New Delhi: The Farm ordinances – which consequently paved the way for the three controversial farm laws in September 2020 – were promulgated and introduced in parliament in June 2020 without the report of the high powered committee of Chief Ministers being appraised by the Governing Council of NITI Aayog, a reply by the planning commission to a Right to Information query has revealed.
Incidentally, the Minister of State for Consumer Affairs, Food and Public Distribution, Raosaheb Dadarao Danve, had stated in parliament that the Committee had approved one of the farm laws, namely The Essential Commodities (Amendment) Bill.
HPC of CMs was set up in July 2019
In her query, filed on December 15, 2020, food rights campaigner Anjali Bhardwaj had stated that “in July 2019, the Prime Minister announced the setting up of a High-Powered Committee of Chief Ministers for Transforming Indian Agriculture under the convenorship of Devendra Fadnavis, former Chief Minister of Maharashtra”.
She asked for a copy of the final report, the interim report, dates of all meetings held by the Committee, a copy of minutes of all meetings and a list of persons who attended these meetings. Incidentally, while Fadnavis headed the panel, it comprised Union agriculture minister Narendra Singh Tomar and the chief ministers of Punjab, Madhya Pradesh, Haryana, Odisha, Arunachal Pradesh, Gujarat and Uttar Pradesh as its members.
In the response, sent on January 13, the NITI Aayog CPIO said the panel was constituted on July 1, 2019 by the NITI Aayog on the direction of the Prime Minister in the 5th Governing Council (GC) meeting of the commission held on June 15, 2019.
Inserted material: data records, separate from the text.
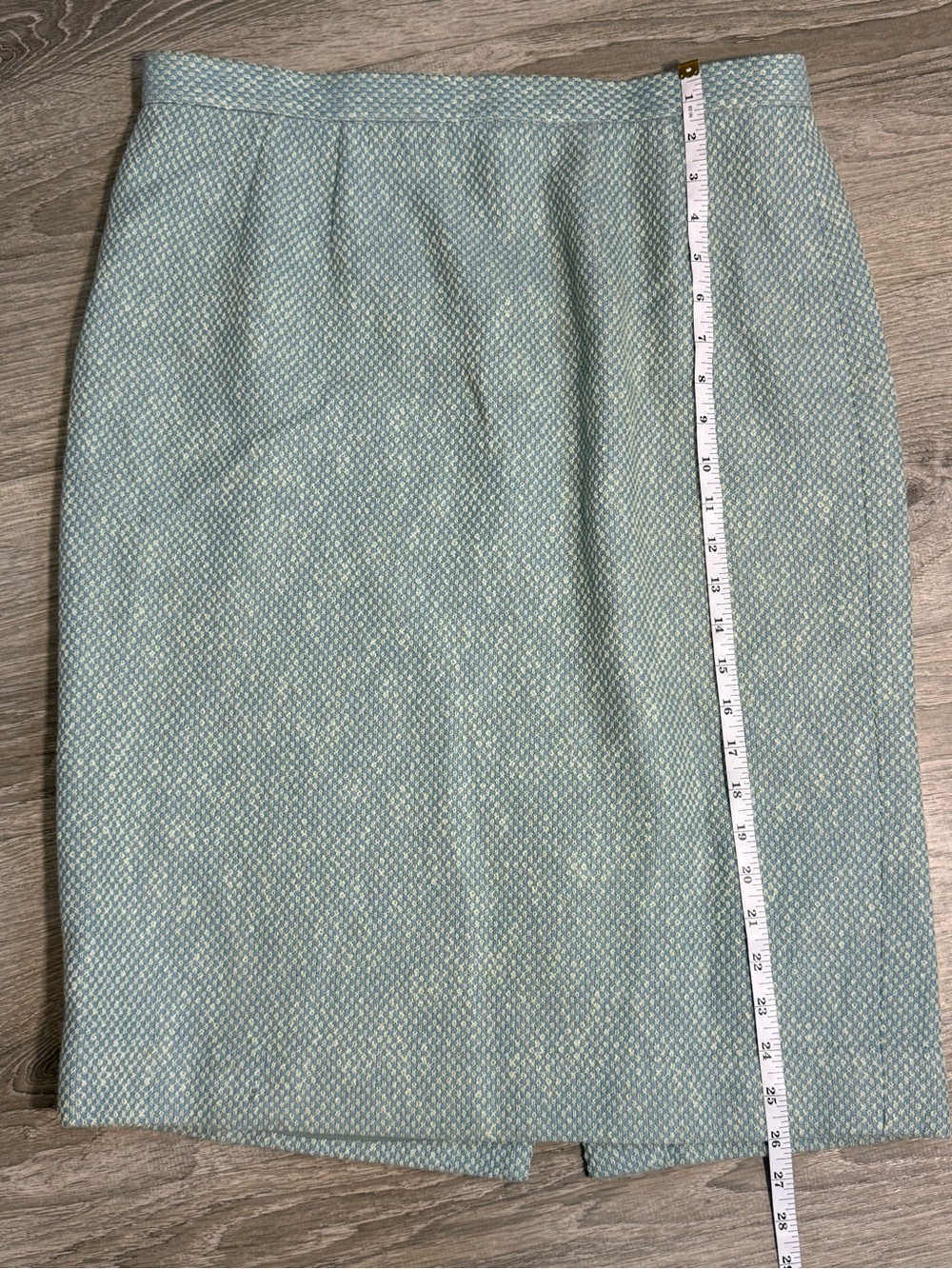 Vintage Carlisle Wool blend Sage Green Blazer and Skirt Set - classy old money - Picture 12 of 12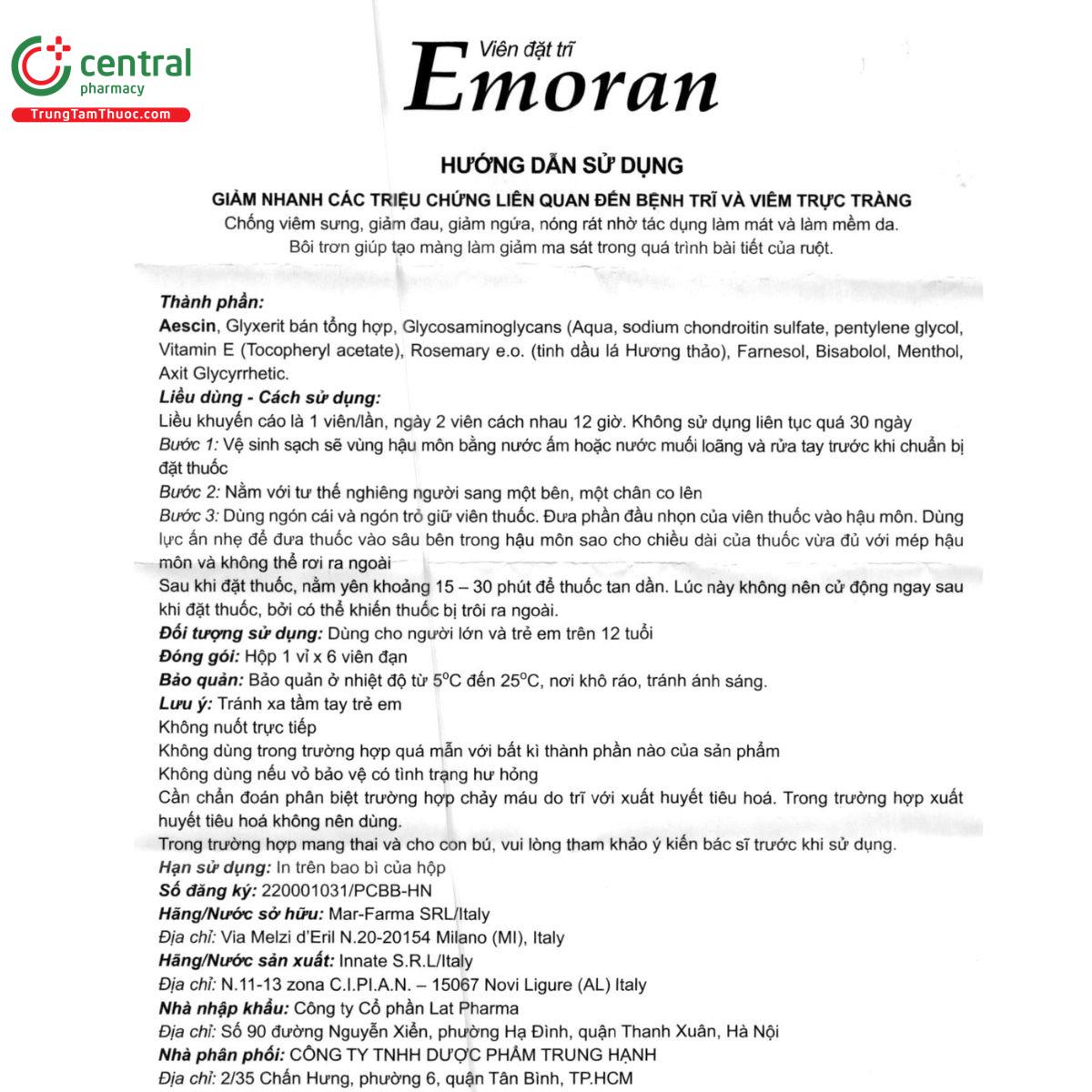 supposte emoran 10 V8010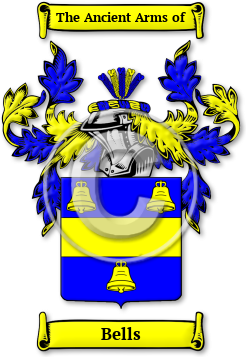 Bells Family Crest Download (jpg) Legacy Series - 150 DPI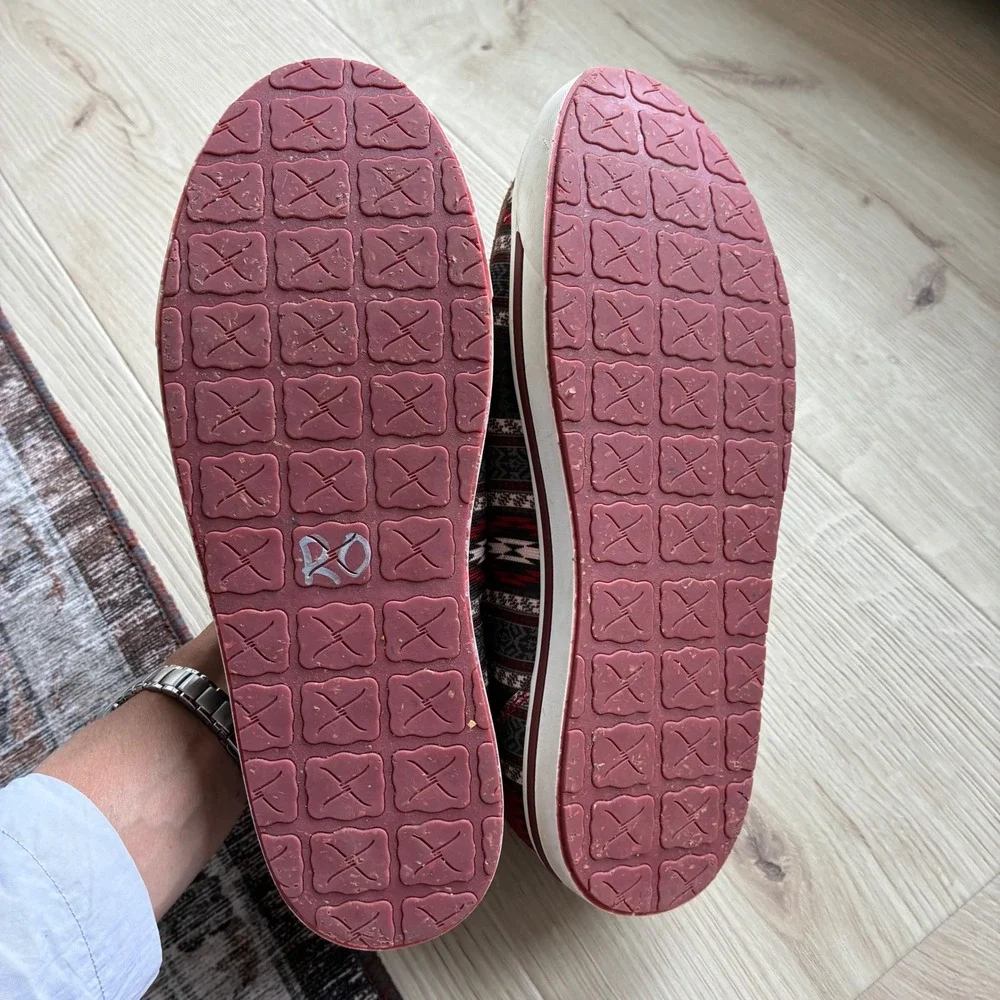 Twisted X Hooey Loper MHYC023 Nomad Multi Southwestern Aztec Slip On Shoes 8.5M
‘Report of Committee yet to be placed before 6th Governing Council’
Stating that “the Committee has submitted its Report”, and that “it will be first placed before the 6th Governing Council Meeting of NITI Aayog as an when it is held, for appraisal of State Chief Ministers and Governors of UTs who are constituent members of the Governing Council”, the CPIO stated that he therefore could not share the report at this stage.
He also replied that there was no interim report and that first meeting of the Committee was held on July 18, 2019 in New Delhi, the second on August 16 in Mumbai and the third on September 3. Further, the CPIO also did not provide information on the minutes of the meeting or the persons who attended it on the ground that they are part of the “Report of the HPC”.
‘Farm ordinance promulgated without HPC report being appraised’
Reacting to this, Bhardwaj said, “the NITI Aayog has refused to provide a copy of the report stating that although the committee has submitted its report, it needs to be first placed before the 6th Governing Council Meeting of NITI Aayog for appraisal by members of the council. This indicates that the farm ordinances were promulgated and introduced in Parliament without the report of the high powered committee of Chief Ministers being appraised by the governing council and being available in the public domain.”
She added that the denial of a copy of the minutes of the meetings and the names of persons who attended the meetings on the ground that these are part of the report of the high powered committee was “in violation of the RTI Act”.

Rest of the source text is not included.